Oct. Tenth offers full flexibility and unlimited choice of lasts, leather, models and constructions. An the other end, Mattina is a purely RTW factory brand.

It has two origins, one is Japan and the other Italy.

Mattina owns a Goodyear Welted Factory solely, this factory manufactures private labels for many Japanese dress shoe brands. The owner is a Chinese who worked in one of Japanese dress shoe brand in Japan and came back to China to build this factory, manufacture the shoes for his former employer and other brands at a lower cost.

Its volume capability is huge, and the machinery is cutting edge, which is far away from the factories in Northampton who utilized ages-old machines.
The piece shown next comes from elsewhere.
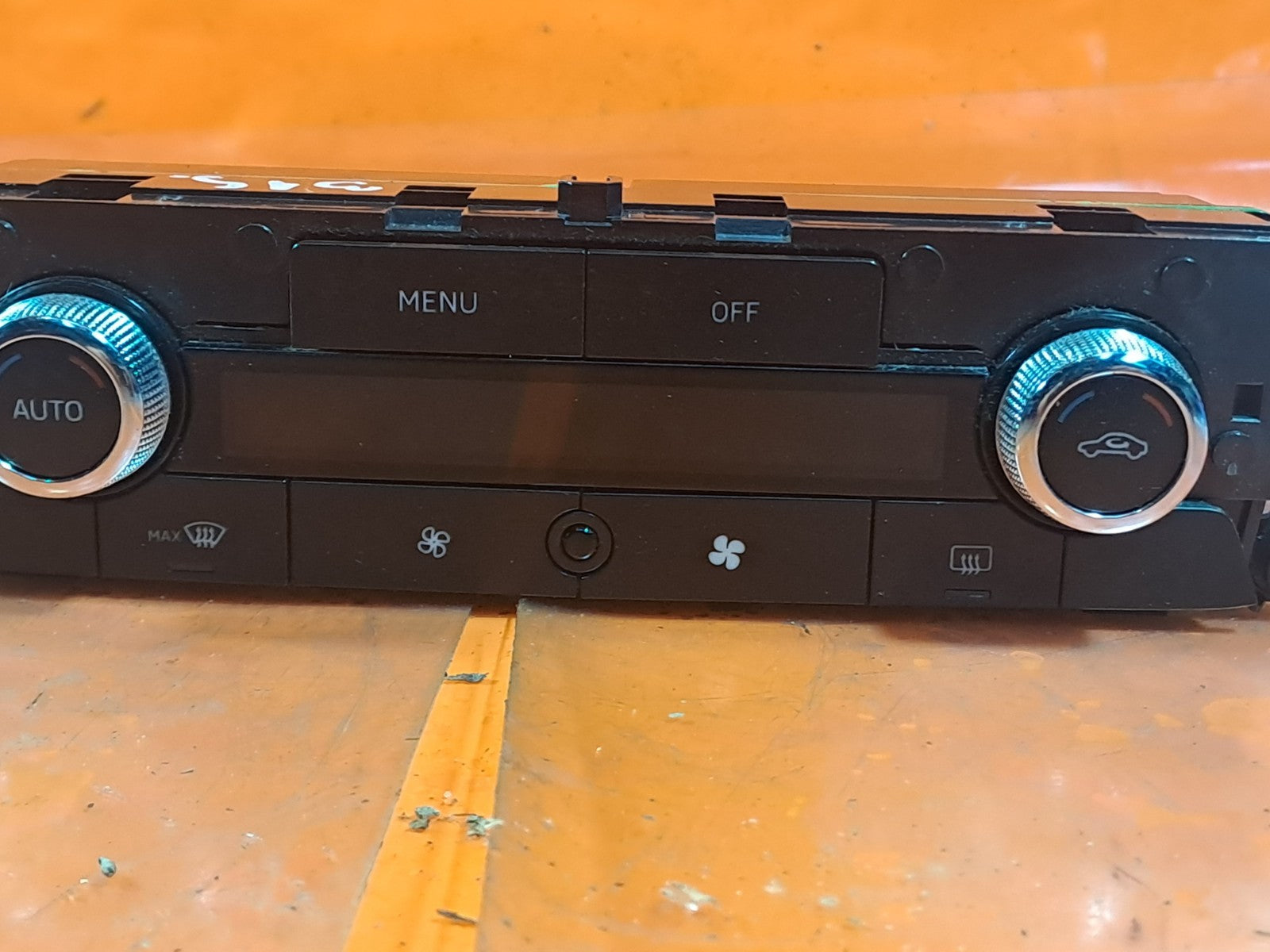 ✅SKODA KAMIQ Se 1.5 PETROL 2024 A/C HEATER CONTROL SWITCH PANEL 6VA907044D A319 - Image 4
I am not saying which one produces better products, and it is not the point here at all, but its efficiency and quality stability are quite strong.

About the origin of Italy, the current general manager of the factory, Zhao Ruoda was an apprentice in Stefano Bemer Studio. After two years studying and working there, he came back to China to practice bespoke shoemaking at first. Occasionaly the owner of the factory offered him the opportunity to oversee the whole process of producing Ready To Wear shoes. As a treasury learning place, Zhao grabbed it and joined since three years ago.

The factory already had a brand but the products are very outdated, and the designs from Japan do not fit Chinese customers’ taste. Zhao was required to establish a new brand with more refined design. Mattina was born. In my eyes, its original lasts, which owe very much to Zhao’s knowledge on lastmaking learned in Italy and mainstream taste. The first two lasts, C shows some feeling of Stefano Bemer’s signature last, and N is a small square toe which is elegantly English.

C last

Each model is a very tiny twist from classic models. Take an example of Cap Toe Oxford. Mattina Elgar sits on last N which conforms to its English formality. But note the quarter, the leather is slightly higher than the surroundings, maybe the quarter used thicker leather or lining, but it is a design details only to the people in the know, who admire details.

The Eyelet leather is slight higher

I always position Mattina as the Chinese Crockett & Jones, midrange products, affordable price, enough models to choose while not too many to distract. A very reliable workhorse.

One step further, it is closed channeled at half the price of Crockett & Jones, I hope more people see how Chinese RTW shoemakers enrich this market.